In an embodiment, the mounting base 500 comprises a body portion 521. The body portion 521 comprises at least a mounting base first side 501 and a mounting base second side 502 and may be any suitable size and shape. In an embodiment, the body portion 521 of the mounting base 500 may be operatively disposed between the mounting surface 990 and the housing 112. When in operation, the mounting base first side 501 may be oriented to face the mounting surface 890, and the mounting base second side 502 may be oriented to face the charging device 110.
In an embodiment, the housing 112 is operatively coupled to the mounting base 500 proximal the housing second side 502 and the charging station 110 is electrically coupled to the receptacle 410 via power connector 320. For example, to enable the housing 112 to be coupled to, or mounted on the mounting base 500, the housing 112 may comprise one or more engaging tabs (not shown) disposed thereon and sized and arranged for an operative engagement with corresponding slots (not shown) disposed on the mounting base. The housing 112 may be further or alternatively secured to the mounting base 500 with screws, clips or any other suitable fasteners (not shown).
In an embodiment, the coupling aperture 550 may additionally be sized and disposed to receive the receptacle 410 therein and to receive power connector 320 to allow an operative electrical connection between the power connector 320 and the receptacle 410.
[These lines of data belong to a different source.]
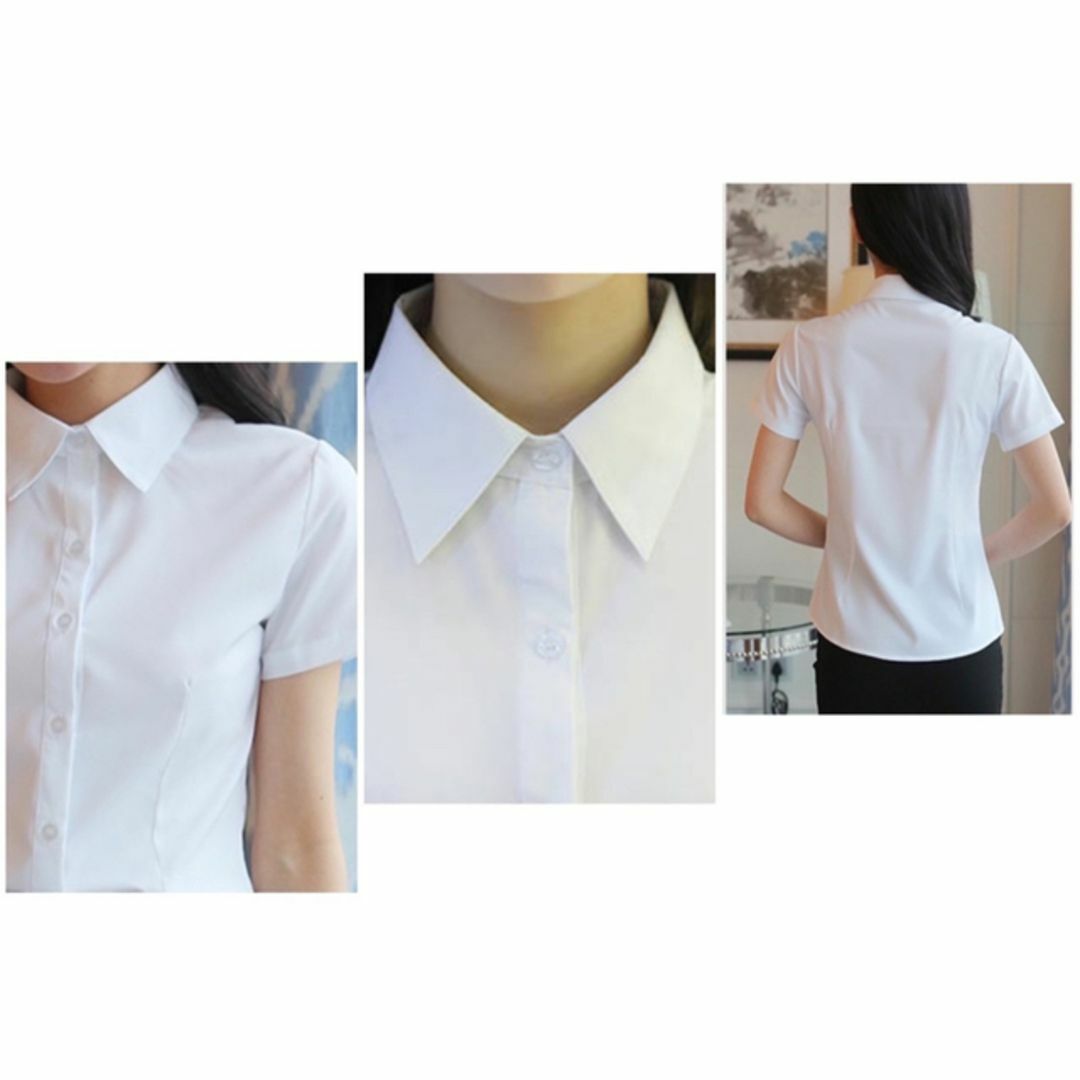 2XL 半袖 ブラウス 制服 通勤通学 高校生 バイト 送料込み レディースのトップス(シャツ/ブラウス(半袖/袖なし))の商品写真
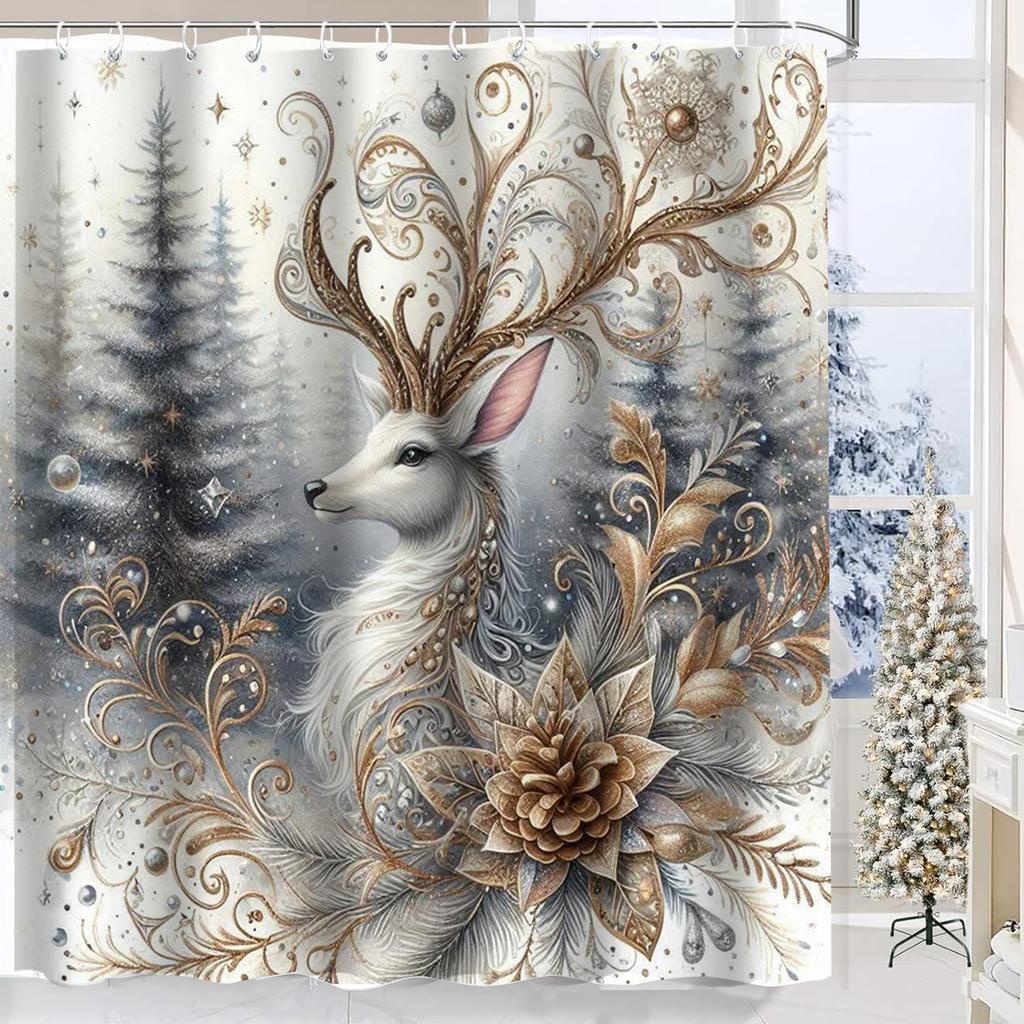 Christmas Tree Reindeer Bathing Curtain  Bathroom Shower Curtain Waterproof With 12 Hooks Fishes Home Deco Free Ship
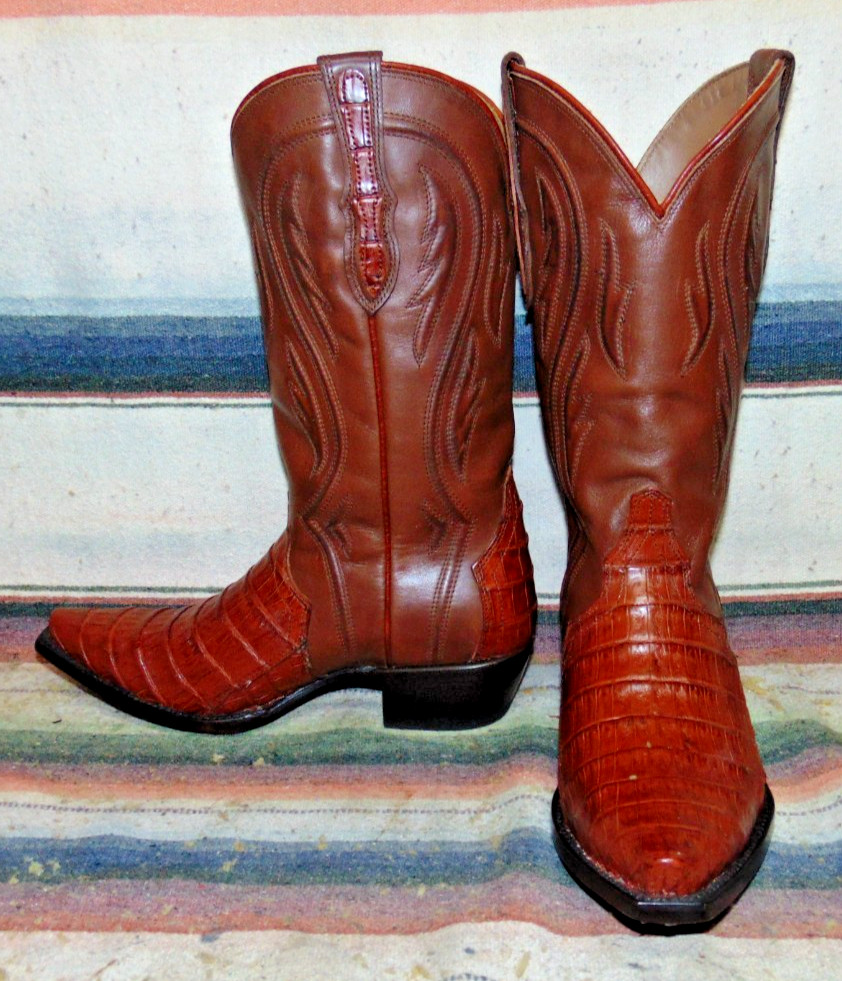 Womens Rujo The Cindy Brown Caiman / Leather Cowboy Boots 7 M New w/o Box Womens Rujo The Cindy Brown Caiman / Leather Cowboy Boots 7 M New w/o Box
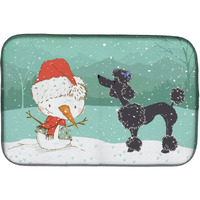 "Caroline's Treasures Black Poodle Snowman Christmas Dish Drying Mat, 14 x 21"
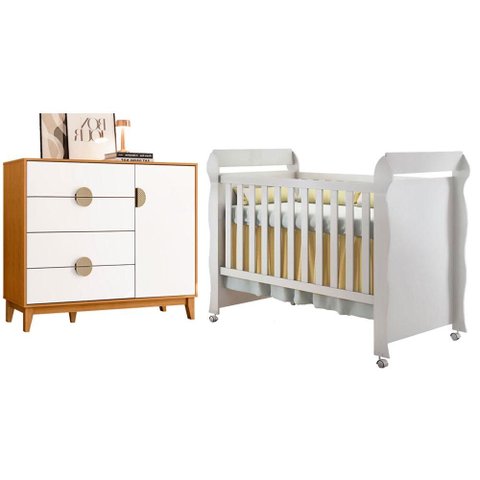 Berço Americano Mirelle com Cômoda Sapateira Ipe Branco Cinamomo - Móveis Albatroz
The power connector 320 is electrically coupled to the electric vehicle supply circuit 210. The power connector 320 comprises at least one end portion 322 arranged to operatively couple to the receptacle 410, to provide power from the power source 800 to the receptacle 410. In an embodiment, the power connector 320 may comprise a plurality of conductors each having an end portion 322 sized and disposed for a releasable electrical connection with a conventional electrical receptacle. In an embodiment, the end portion 322 is arranged to protrude or extend from housing 112 and to be received in the coupling aperture 555 of mounting base 500, and to be operatively electrically coupled with the receptacle 410, for example by inserting the end portion 322 into slots 411 defined in the receptacle 410. In various embodiments, to avoid exposing users to live electrical parts, when charging device 100 is operatively installed, the mounting base 500 and coupling aperture 555 are arranged to insulate or enclose power connector 320 to prevent user access to power connector 320. In other embodiments, the end portion 322 of the power connector 320 is recessed within housing 112.
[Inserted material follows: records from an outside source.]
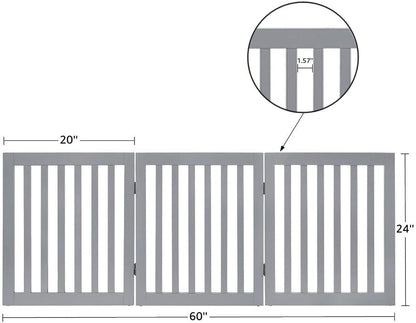 36”H Free Standing Pet Gate for Dog, Tall Wooden Dog Gate, 80” Wide | Foldable Pet Fence for Doorway, Stairs, Step, Expandable Doggy Barrier, Room Divider, Indoor Use, White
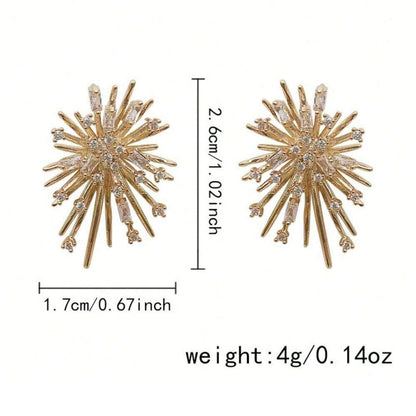 1 Pair Premium Luxury CZ Fireworks Stud Earrings – Sparkling Starry Night Inspired Design, Exquisite Craftsmanship & Timeless Classic Appeal, Versatile Jewelry Perfect for Daily Wear & Special Occasions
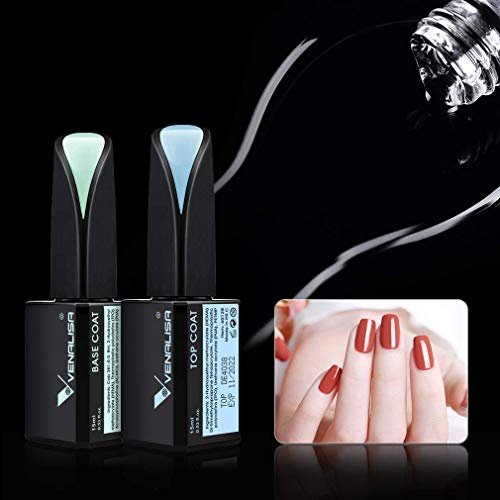 VENALISA 2 Pcs 15ml Gel Nail Polish Base and Top Coat Set - No Wipe High Gloss Long Lasting Tempered Top Coat Soak Off LED Gel Kit - görsel 14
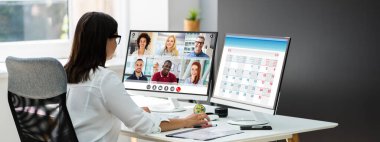 Çevrimiçi Video Görüşmesi. İş Konferansı Webinar Bayrağı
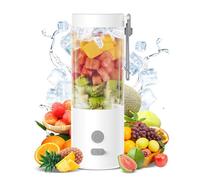 Mixeur portable pour smoothies et shakes - 450 ml - Mini blender avec 6 lames ultra tranchantes - Mini mixeur à smoothie rechargeable par USB - Pour nourriture pour bébé, voyage, salle de sport (blanc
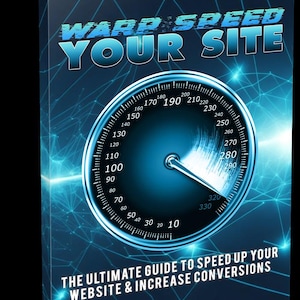 May include: A book cover with the title "WARP SPEED YOUR SITE" in blue, featuring a speedometer graphic. The text "THE ULTIMATE GUIDE TO SPEED UP YOUR WEBSITE & INCREASE CONVERSIONS" is also displayed. The background is a dark blue with a network design.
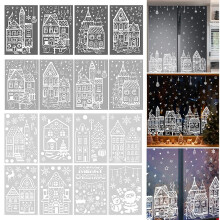 Christmas Window Clings White Winter Glass Decals 4 Sheets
The mounting base 500 is configured to cooperate with the housing 112 and the receptacle 410 to prevent a decoupling of the charging station 110 from the receptacle 410. In an embodiment, the housing 112 comprises a first locking portion 118, and the mounting base 500 comprises a corresponding second locking portion 518. The first and second locking portions 118, 518 are arranged and disposed to cooperate to prevent a decoupling of the power conductor 320 from the receptacle 410. For example, in one embodiment, the first locking portion 118 comprises a first locking aperture 119 defined therethrough, and the second locking portion 518 comprises a second locking aperture 519 defined therethrough. In an embodiment, first and second locking apertures 119, 519 are sized and arranged to cooperatively receive the locking element 951 to prevent an inadvertent or unauthorized decoupling of the charging device 110 from the receptacle 410.
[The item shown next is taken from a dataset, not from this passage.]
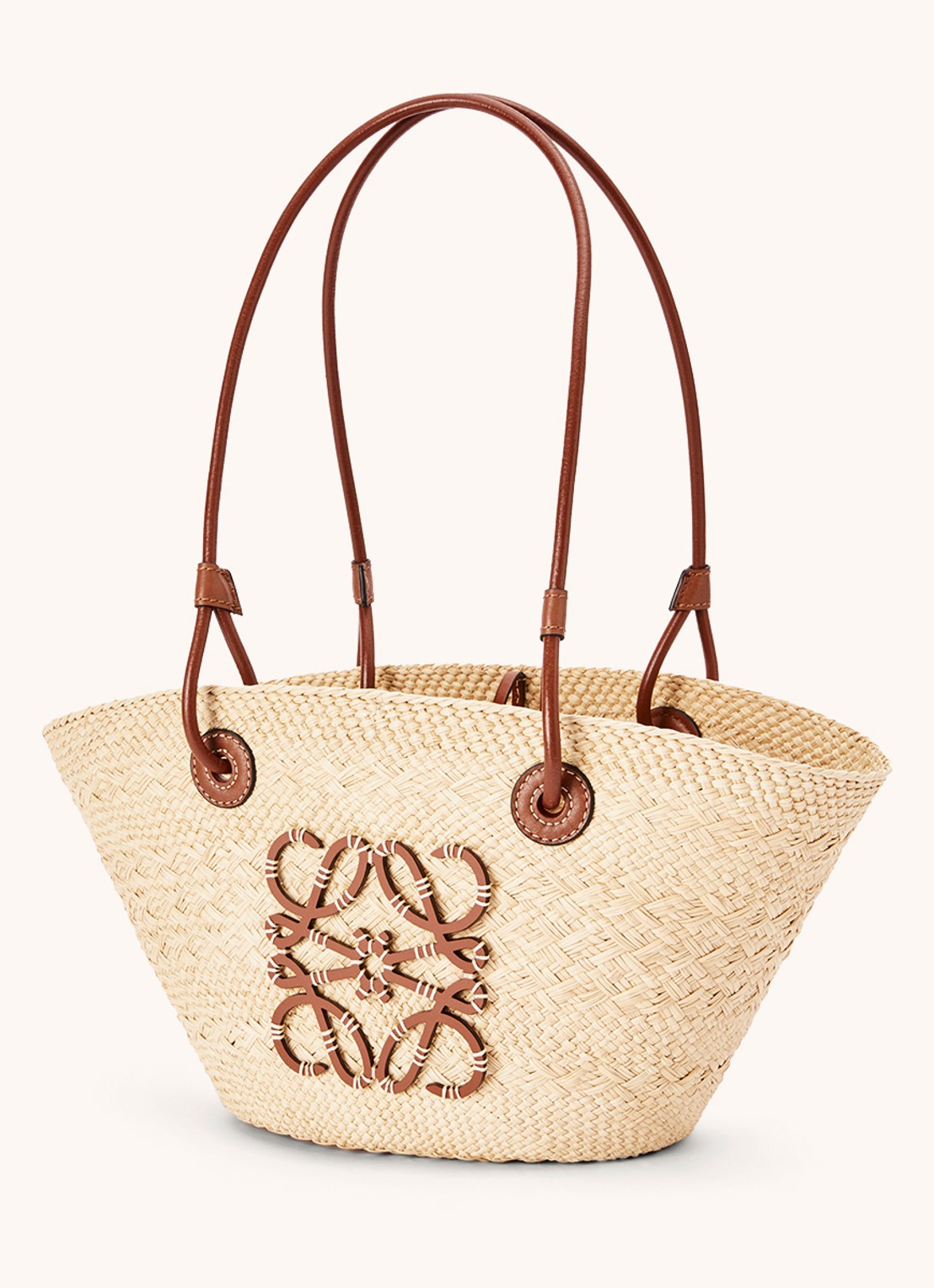 LOEWE Anagram Basket Small shopper met kalfsleren details - achterkant 4 bruin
In another exemplary embodiment, and as illustrated in
In another embodiment, the locking element 951 may comprise a latching portion 952. In such an embodiment, the locking aperture 119 is arranged to operatively receive at least a portion of the locking element 951. For example, as illustrated in
In an embodiment, the housing 112 comprises at least one housing alignment feature 121 arranged and disposed to guide placement of the housing 112 over the mounting base 500 and into operable communication with the receptacle 410 during an installation of the charging device 110. Additionally, in an embodiment, the mounting base 500 comprises a corresponding at least one mounting base alignment feature 512 arranged to cooperate with the at least one housing alignment feature 112. Once the housing 112 is installed or mounted on the mounting base 500, the at least one housing alignment feature 121 may cooperate with the corresponding at least one mounting base alignment feature 512 to prevent a rotational movement of the housing 112 with respect to the mounting base 500.
For example, in the embodiment shown in
As illustrated in
Additionally, the housing 112 may comprise a recessed area 131 sized and disposed to at least partially receive a portion of the housing second side 502. For example, in an embodiment, the recessed area 131 is sized to allow a predetermined portion of the housing 112 to operatively contact the mounting surface 890. In such an embodiment, once the housing 112 is installed or mounted on the mounting base 500 the housing 112 may also be rigidly secured to the mounting surface 890 with fasteners (not shown), such as screws.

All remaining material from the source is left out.